Однако поиски литературных прототипов героя четырехчастного цикла и эстетических образцов, послуживших основой для сочинения «Сонат», обнаружат сомнительную ценность, если мы не обратимся к той реальной действительности, которая вызвала к жизни одно из главных произведений Валье-Инклана.
Культурно-политическая эволюция Испании конца XIX — первого десятилетия XX века во многом определила творческую судьбу писателя. Давно осел уже даже пепел, взмывшийся было ввысь возрожденческим порывом. Блеск золота, блеск костров инквизиции, два столетия тоски по былой славе, и вдруг — национальная катастрофа 1898 года. Близорукие потомки «славных» конкистадоров окончательно лишились «права на иллюзии», которыми они тешили себя в послевозрожденческий период.
В течение четырех месяцев (почти один сезон года!) Испания вела войну с Соединенными Штатами Америки и потерпела позорное поражение. Некогда великая держава вдруг превратилась в задворки Европы, в маленькое провинциальное государство дальнего европейского Запада. В Манильском заливе на Филиппинах американцы полностью разгромили испанскую эскадру. Противник поплатился за это жизнью… семи своих солдат. В морской битве в заливе Сант-Яго (Куба) американцы, потеряв одного солдата, разбили испанскую эскадру и взяли в плен свыше полутора тысяч человек. Испанская колония Порто-Рико была отдана без боя. Испания утратила все свои колонии в Атлантическом и Тихом океанах. Теперь уже ничто не связывало Испанию с Новым Светом, некогда открытым и ею завоеванным. «Нет уже ни нации, ни войска, ни флота, ни народа, ни денег, ни стыда — ничего нет», — писал пятнадцатью годами позже испанский историк Анхель Сальседо. Валье Инклан устами маркиза де Брадомина через четыре года произнес полные горечи слова: «О, мой старый народ, народ солнца и быков, сохрани же на веки вечные твой дух лжи и кичливых преувеличений и погружайся в сон под звуки гитары, утешаясь в своей великой скорби по монастырской похлебке, которую ты привык раздавать неимущим, и по утраченным тобою навсегда, далеким вест-индским владениям». Вряд ли эти слова мог произнести «циничный и галантный аристократ», каким представляют себе Брадомина иные литературные критики. Непохоже, чтобы «типичный» Дон Жуан обладал столь острым восприятием истории.

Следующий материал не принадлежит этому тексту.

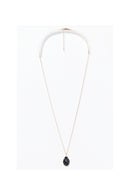 Louane" Black Onyx Necklace - Gold Brass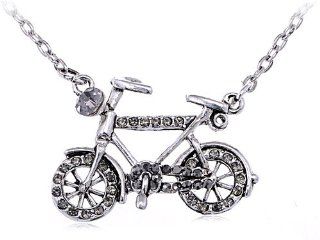 Smoke Gray Clear Crystal Rhinestone Tricycle Bike Bicycle Wheel Pendant Necklace: Jewelry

Далеко не все мыслящие испанцы сумели осмыслить разразившийся кризис как закономерный финал, как вынесение сурового приговора той политике правивших и правящих классов, групп и каст, которые формировали национальную историю по законам классового эгоизма и личного произвола. Только выдающиеся испанцы могли понять, что катастрофа конца века — не фатальная случайность, а историческая необходимость. Именно такой конец и можно было ожидать для страны, где религиозный фанатизм обрел материальное выражение в кострах инквизиции, где национальная нетерпимость возводилась в ранг высшей добродетели, где отстаивание принципа «каждый человек есть сын дел своих», защита понятия чести переродились в чванливую болтовню о благородстве по крови. Испания долго, слишком долго паразитировала за счет колониальных народов. Средневековый «империализм» с его суровыми уроками не стал предостережением для поборников «настоящего» современного империализма. Методы правления в Испании всегда напоминали «худшие образцы восточной деспотии» (Маркс), а номинальность суверенов не мешала им быть деспотами. Старые общества часто провожались смехом. Старая Испания тоже заслуживала таких проводов. Однако она не уходила и не ушла. Она и до сих пор дает себя знать, порой очень злобно и по-средневековому жестоко.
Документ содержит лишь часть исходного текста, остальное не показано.